前回は、パーソン・センタード・アプローチの概要を記し、積極的傾聴がそのメインの技法としてすえられていることを述べた。

積極的傾聴を一言で述べると、「共感しながら聴く」というものだ。批判ではなく、脅迫でもなく、同調でもなく、許容でもない。

こどもとの会話で出てきがちな言葉を例に考えてみよう。

「トマト嫌い、食べない」

批判「トマトが嫌いだなんて、なんてだめな子なんだ」
脅迫「トマトを食べないと、大きくなれないぞ」
同調「嫌いなんだね。苦いし、青臭いしね」
許容「嫌いなら食べなくても良いよ」

共感というのは、次のような返事を伴う態度になることが多い。

「トマト嫌いなんだ。食べたくないんだね?」

いわゆるオウム返し話法と呼ばれるものだ。もっとも基本的な技法で、相手が「うん」としか答えられない会話になる。
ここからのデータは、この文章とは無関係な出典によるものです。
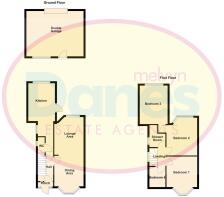 45 Watwood Road - all floors (1).JPG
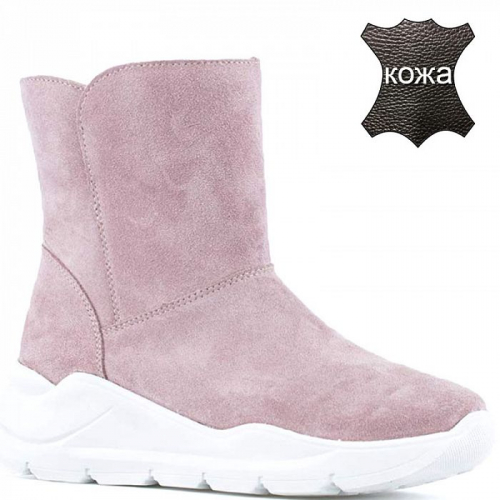 ���������� ������������ ������ � ������������� ����� ��� ��������� � �������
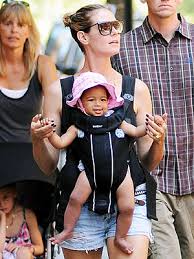 Lou sulola was born on 9th october. Lou Sulola Samuel Le Top Blog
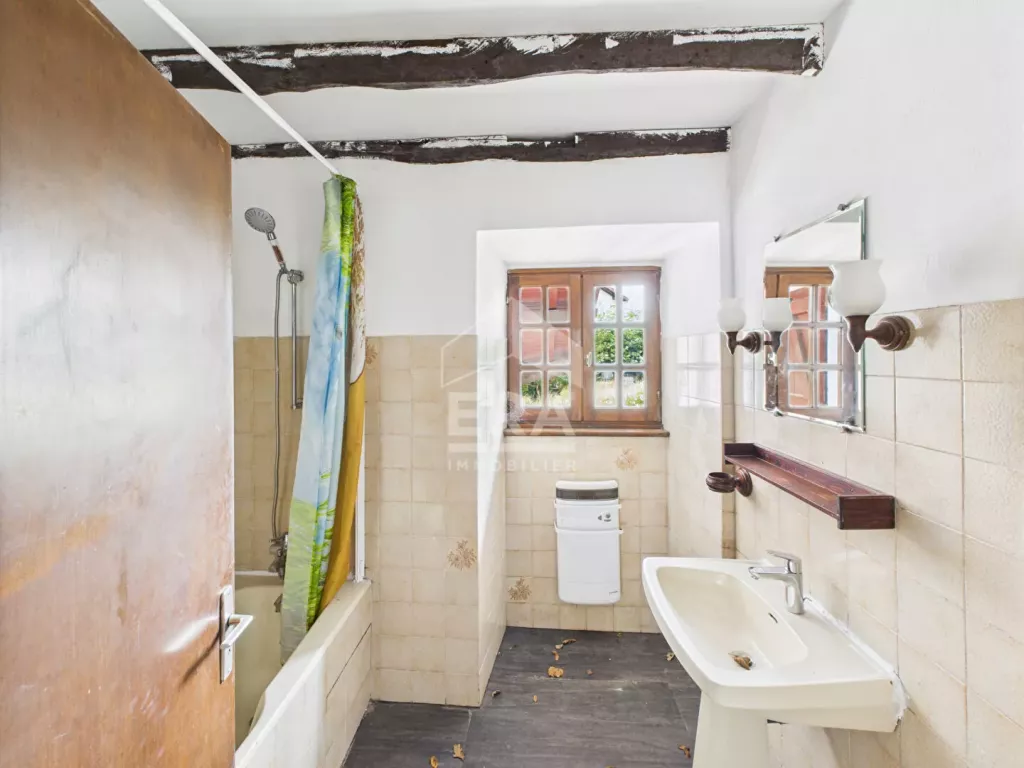 Photo du bien ref5244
これは、「トマトが嫌い」という内容そのものの是非を示す会話ではないことに注意をする必要がある。ここで行っている会話では

「『トマトが嫌いだ』と主張しているあなた自身を認識していますよ」

ということを示している。これが、積極的傾聴のもっとも基本的なかたちだ。会話の内容自体が非常にシンプルなので、ノンバーバルコミュニケーション(態度)の比率が高くなる。いい加減な態度をとると、相手にあっという間に見抜かれる。

オウム返しを中心に積極的傾聴を行うと、相手が話し好きの人の場合、えんえんと話が続く。1時間や2時間程度は余裕で話が転がっていくので、話をつなぐのが苦手な人も覚えておいてもよいかもしれない。

ただ、こういった会話を繰り返していても、相手が変わる手助けをすることはできない。相手が変わる(成長する=教育する)手助けとして積極的傾聴を用いるには、適切に相手の思考を整理するなどの「介入」をする方法が必要となる。